Learn why you can't sleep while dieting...and what you can do to help yourself.
Trainer Gina's Answer:
I 100% relate to this question! The feeling that I can’t sleep while dieting is by far the worst part of trying to shed weight, at least for me. It’s a self-perpetuating cycle too, because when I can’t sleep when dieting and therefore get less sleep, my hunger gets more out of control. Ahh!
However, the good news is that I have worked through this problem and I have some solutions for you. I am willing to bet they will help! I will share them in order of importance from my knowledge as well as first-hand experience.
1. Be Sure You Have Sufficient Fiber Intake
This one for me is the biggest! When I don’t have enough fiber in my system, it really makes my stomach growl at night which keeps me up. The cool thing about fiber is that it doesn’t leave our body instantly once it’s ingested – it tends to stay in the digestive tract for around 24 hours. So, the fiber you eat at breakfast will still be helping you out as you sleep that night! Aim for at least 30 grams per day, but you can go for twice as much if you like. Just be sure to build up your intake slowly. If you go up all at once you will likely experience digestive distress. One of my favorite sources of fiber is Raw Rev bars. I absolutely love them! Quest bars are another great source. Otherwise, you can fill up on beans, whole grains, nuts, fruits and vegetables to fortify your fiber intake.
2. Don't skimp on fats - especially right before bed.
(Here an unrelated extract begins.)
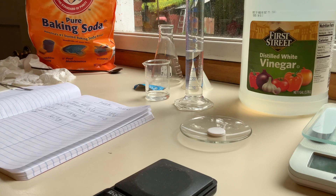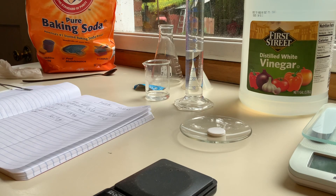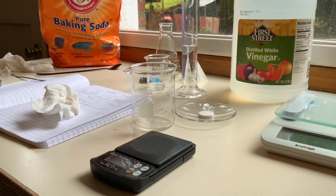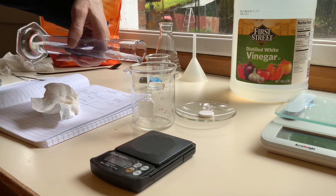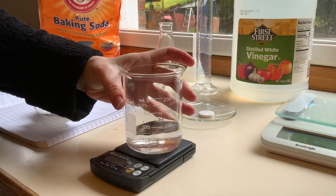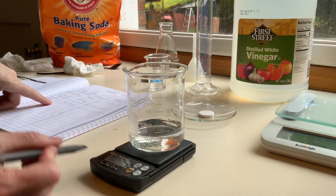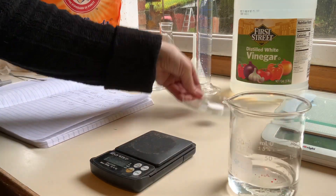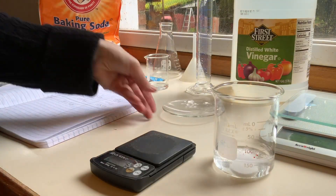Bear with me a moment while I wash the beaker out and give it a good dry. Then I'm going to add my acid to it. Now I'm going to weigh it — 159.5 grams, that's the beaker with acid before reaction. Now I'll drop that in and we just wait for it to react.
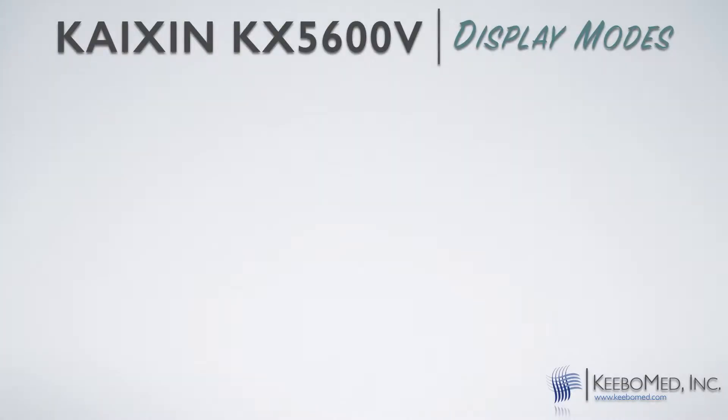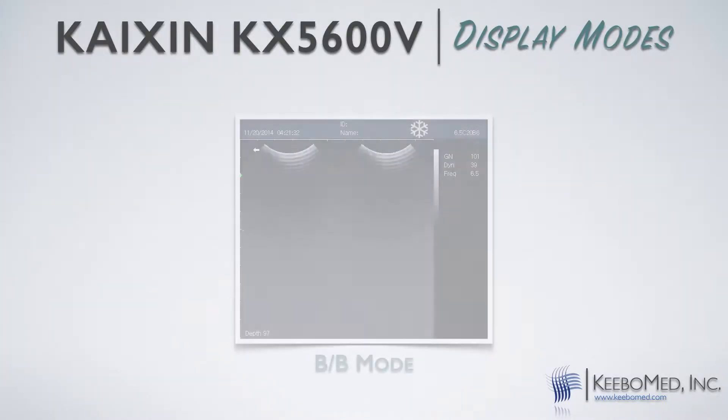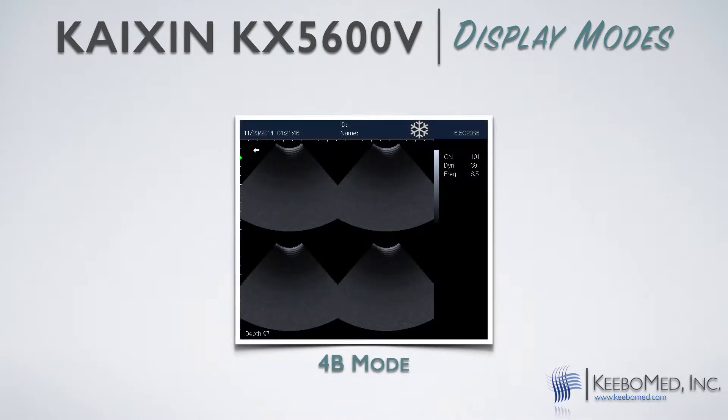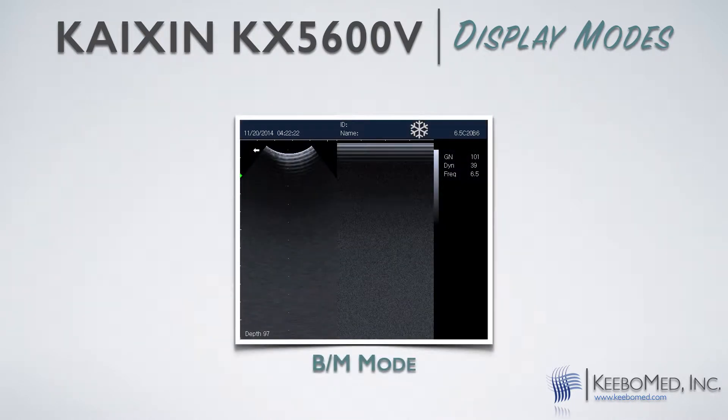The KX5600 is very versatile because it can be used for both large animal and small animal examinations, and even includes a needle puncture guide function. It has five total display modes: B, BB, 4B, M, and BM.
Fats help slow down the speed in which we digest food. This will mean that your stomach won’t feel as empty as you sleep. Now, when I say “stomach” I am referring to your gut – if the food is out of your stomach but into your small intestine, that’s perfect. That way your body is still receiving nutrients even while you sleep. If you have a bit more fat later in the day versus earlier that will serve you well during sleep. At the bare minimum, be sure that your final meal or snack has at least 6 grams of fat. That’s the amount you need at a minimum to get the benefits.
3. Be sure your last meal or snack of the day contains at least 15 grams of protein - 20 grams is better.
Protein is another agent that helps food be digested a bit slower so that your blood sugar doesn’t crash. Protein works particularly well in this way when paired with fat. If you need ideas on how to get that much protein, check out our protein ideas page.
4. Avoid carb-heavy foods, especially eaten on their own, several hours before bed.
Simple carbs have the opposite effect as fat and protein – they cause our blood sugar to spike and then crash, leaving us hungry. Carb heavy foods include popcorn, candy, ice cream, oatmeal, crackers, nachos, and beer and wine. If you must eat them, be sure to pair them with a protein.
5. Be sure you're drinking plenty of water!
Our body quite often sends hunger signals when it’s really thirsty. A great starting goal for adults is 64 oz. per day, however you should try to work your way up to at least half of your total body weight in lbs., plus a bit more if you exercise heavily. However, to help with sleep be sure that you finish the majority of your water intake several hours before bed so that you don’t have to wake up to pee.